Almeida ha rifilato 10″ a Vingegaard ed ora è a 40″ dal danese
Almeida ha rifilato 10″ a Vingegaard ed ora è a 40″ dal danese
Domanda all’ex corridore: ma quando vedi che il computerino segna 62-63 all’ora ti gasi?

Personalmente non guardavo la velocità, ma osservavo i watt. Ho sentito di un mio ex tecnico alla Movistar e poi vicino alla Visma-Lease a Bike che diceva come nel famoso giorno di Vingegaard nella crono di Combloux al Tour 2023, avesse il potenziometro leggermente sfasato, che segnava di più. Ebbene lui non se ne è curato, si sentiva bene e ha continuato a spingere secondo le sue sensazioni, anche se i dati che vedeva erano già alti. Bravo Jonas. Ma quando tu hai una FTP di 450 watt e vedi che tieni bene i 470-480 allora in quel caso ti gasi davvero e a livello psicofisico decolli.

A proposito di Vingegaard, l’accorciamento della crono secondo te ha danneggiato Almeida?

No, non credo. Anche se Vingegaard è meno forte del 2023, è comunque solido. Non spreca un’energia più del previsto. E poi un giorno uno guadagna qualche secondo e un giorno li recupera l’altro. La crono di Valladolid pertanto non avrebbe influito a mio avviso anche se fosse stata lunga i 27 chilometri previsti. Insomma non ce lo vedo Almeida che sulla Bola del Mundo gli rifila un minuto.

Ma alla fine dunque, Adriano, Ganna è più felice perché ha vinto o sta lì a pensare che ha dato solo 1” a Vine?

No, no… è felice perché ha vinto.

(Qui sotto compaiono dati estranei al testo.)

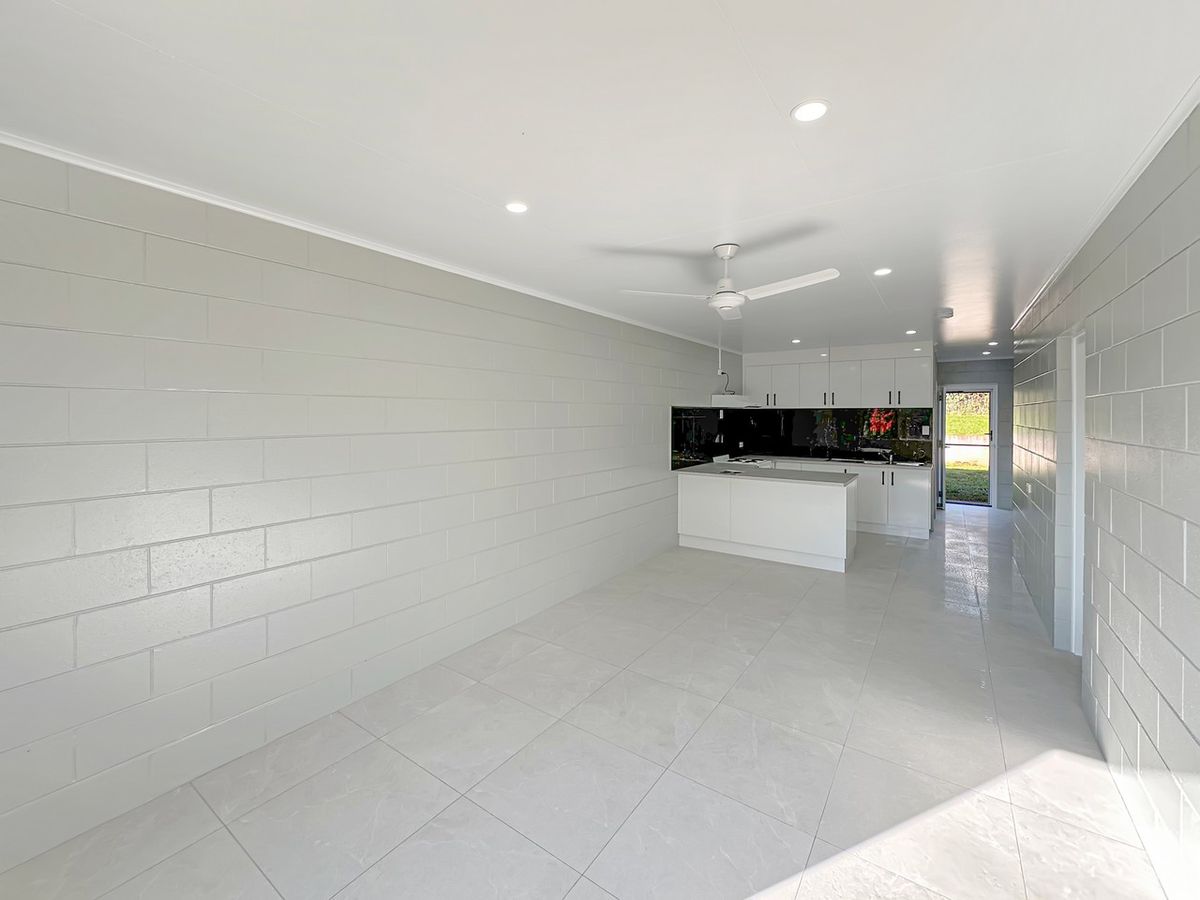 2 / 10 Second Avenue, Atherton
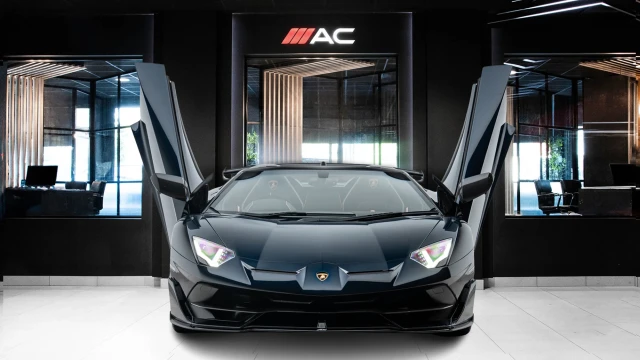 Lamborghini Aventador Image 2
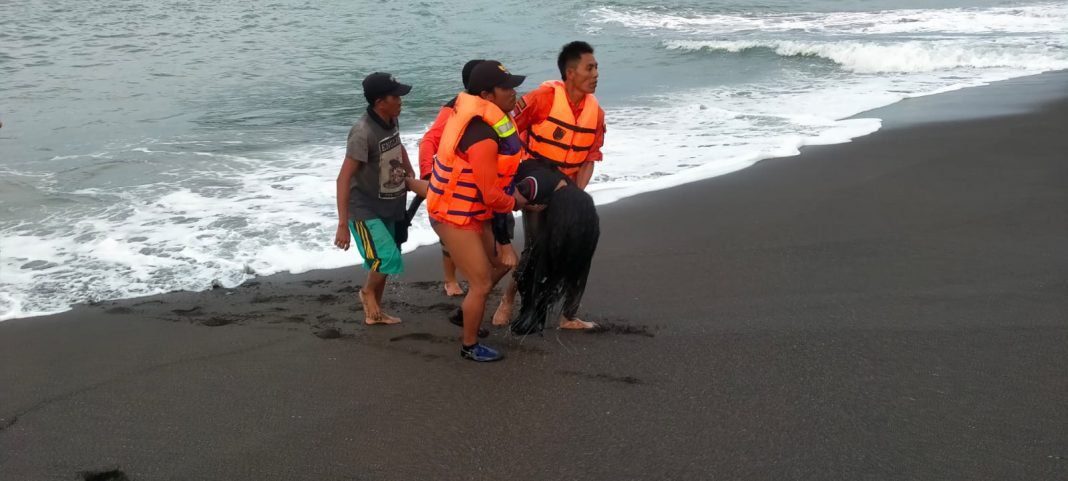 Pantai Teluk Love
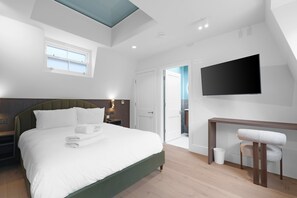 Room - The Sherlock Luxury Mews Designer 2 Bdr (London)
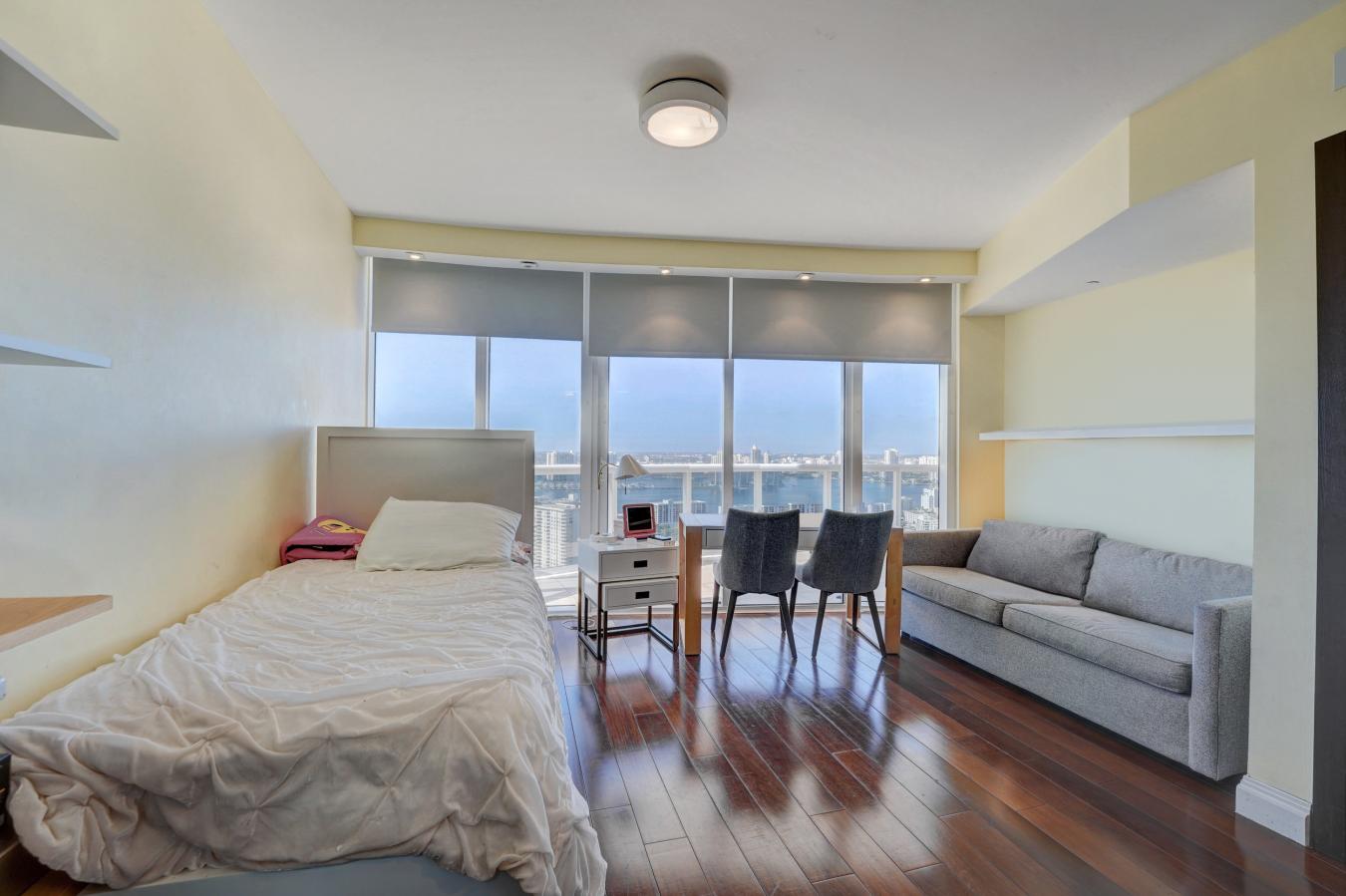 17201 Collins Avenue, Sunny Isles Beach, FL, 33160, United States, 4 Bedrooms Bedrooms, ,3 BathroomsBathrooms,Residential,For Sale,17201 Collins Avenue,1222442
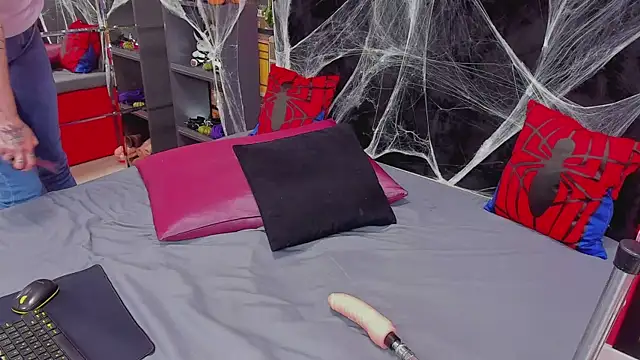 Snapshot of _Alison__ chatting on 10.28.25 Alison online show from 10.28.25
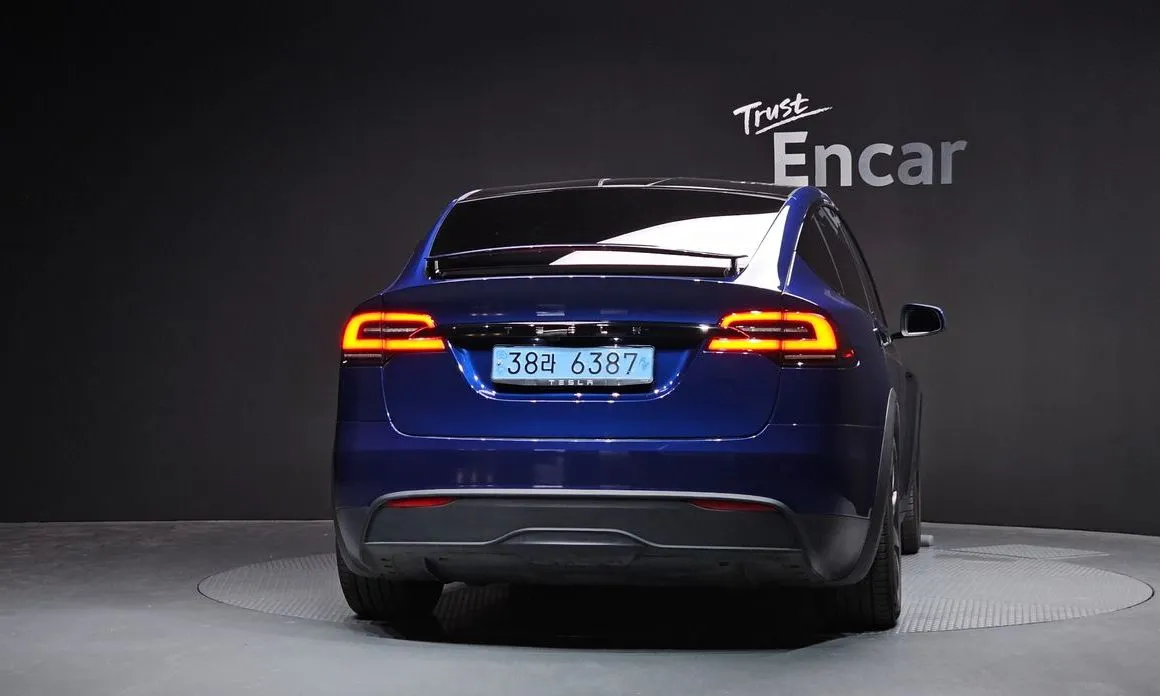 Tesla Model X — фото 2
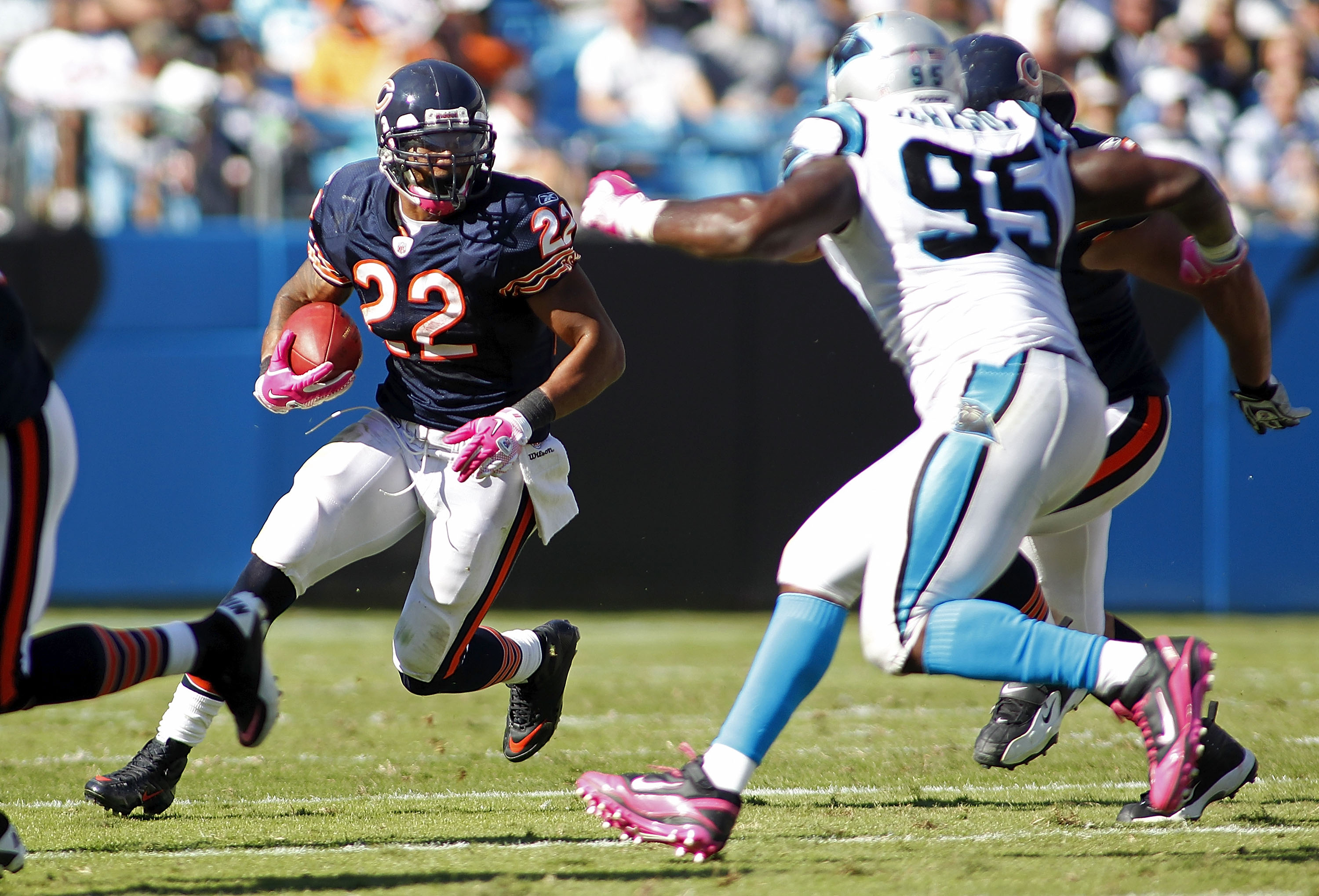 Devin Hester, Matt Forte run wild as Bears beat Panthers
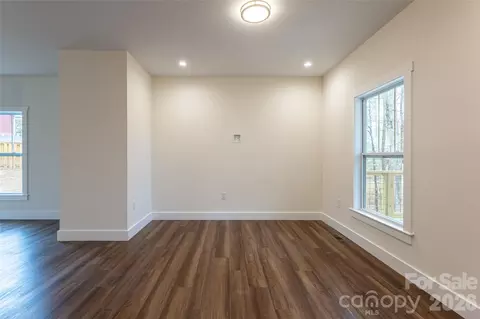 Living - 204 Cascade Ridge Rd, Fairview, NC 28730 photo 3 of 8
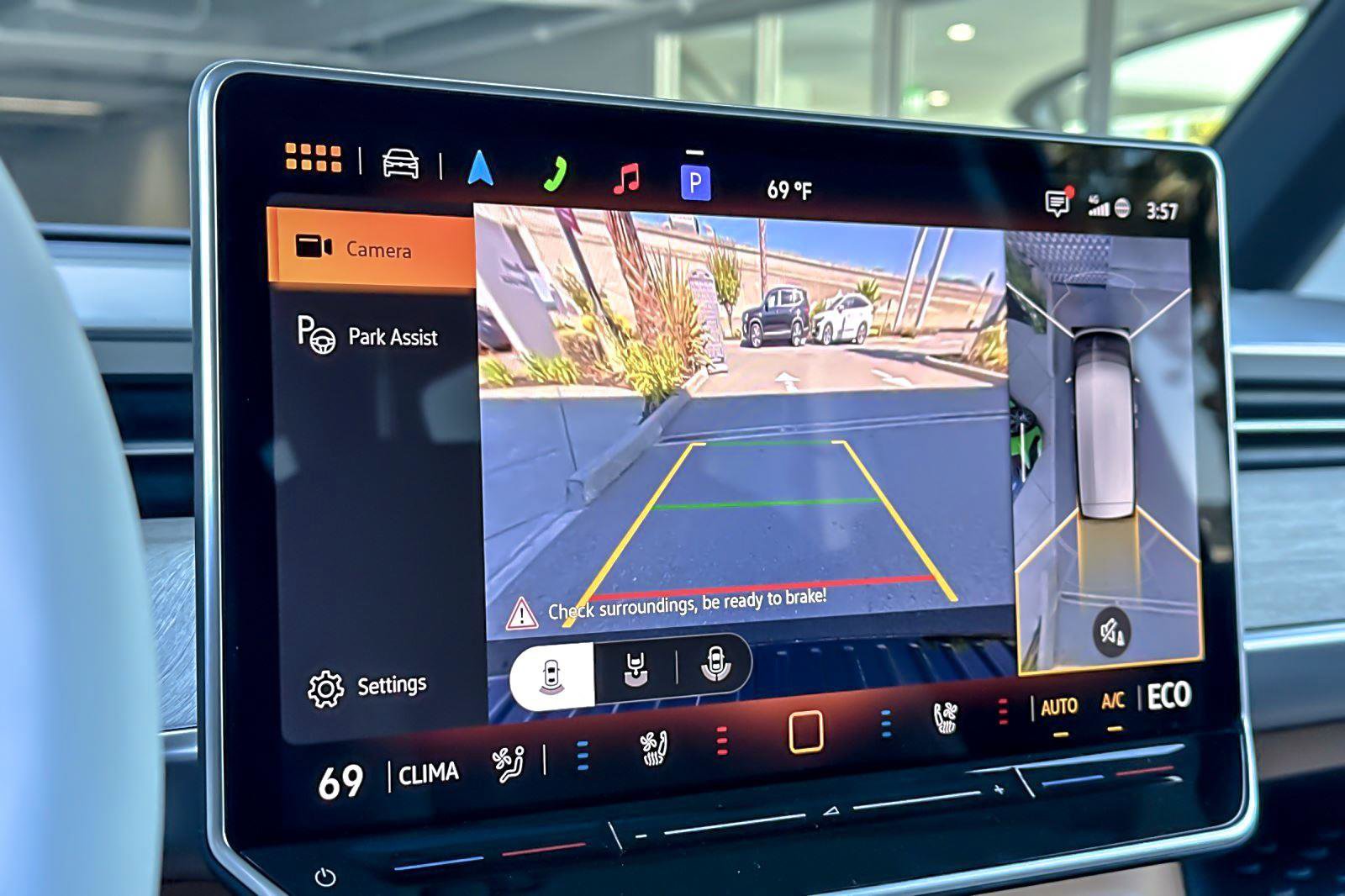 New 2025 Volkswagen ID. Buzz Pro S Plus image 18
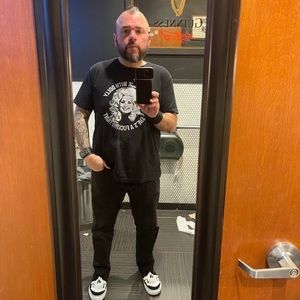 Meet your Posher, Chris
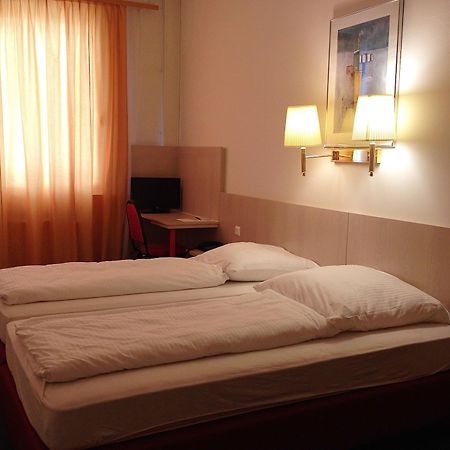 Hotel New Fair Munich Messe Extérieur photo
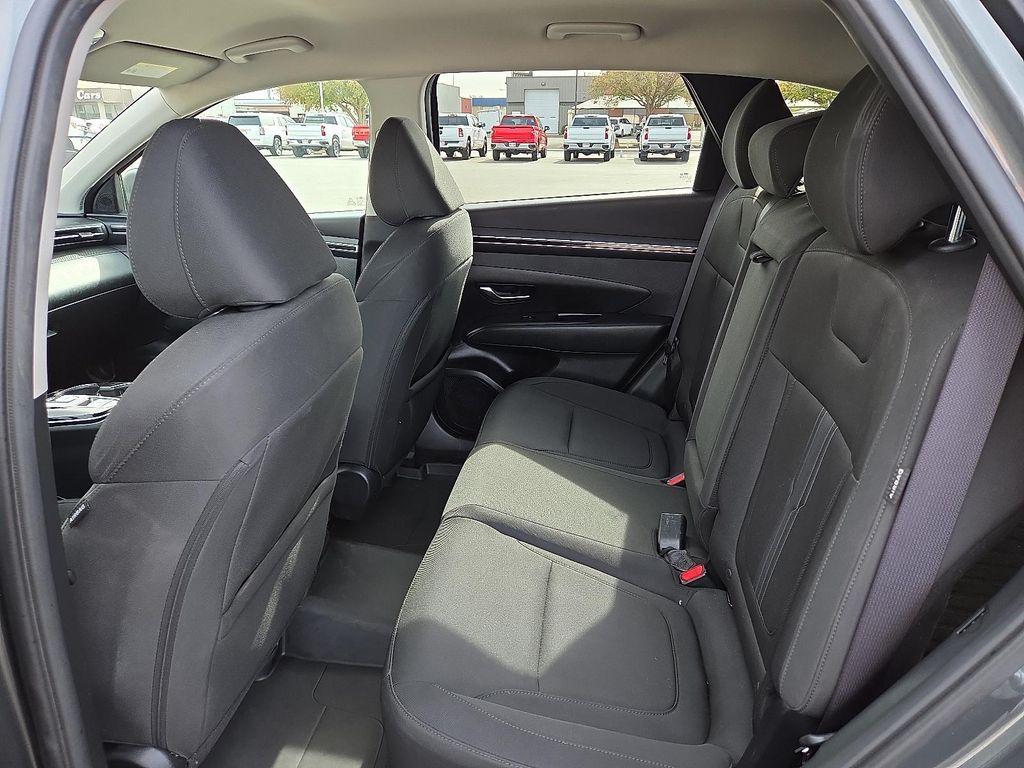 used 2024 Hyundai TUCSON Hybrid car, priced at $29,995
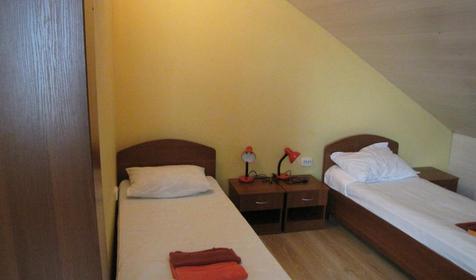 Стандартный мансардный номер. Пансионат Солнышко, Сочи, Адлер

Tra l’altro Vine è un ottimo cronoman. Anche a me è capitato di vincere per un secondo contro corridori meno specialisti di me. Poi alla fine analizzi la gara e rivedi tante cose. E comunque, come dicevano in Fast and Furious: non è importante che tu vinca per un miglio o per un centimetro, ma che tu arrivi primo!

Ed ecco TopGanna. Anche a Valladolid ha optato per il setup che più ama con il 64×11 come massimo rapporto
Ed ecco TopGanna. Anche a Valladolid ha optato per il setup che più ama con il 64×11 come massimo rapporto

Parla Cioni

E partendo proprio da quest’ultima risposta di Adriano Malori, circa l’analisi della gara a posteriori, ci pensa subito Dario David Cioni, tecnico della Ineos Grenadiers, a dare una chiara visione dell’andamento della corsa.

«Pippo è andato forte – ha spiegato il toscano – ma è anche vero che Vine ha beneficiato di un paio di scie di corridori partiti prima di lui che ha ripreso. In più è partito tra i primi e si sa che col tempo le condizioni possono cambiare.

«Se guardo alla sua prestazione questa è ottima. Togliamo Vine che è così vicino, gli altri, Almeida, Vingegaard, sono tutti più staccati. No, oggi su un percorso così veloce era difficile poter fare più distacchi. In più all’inizio Ganna era un po’ bloccato. Siamo nella terza settimana di un grande Giro, non in una corsa di un giorno, e può succedere, tanto più se pensiamo che ieri c’era stata una tappa in salita. Non certo il massimo per lui che non è uno scalatore».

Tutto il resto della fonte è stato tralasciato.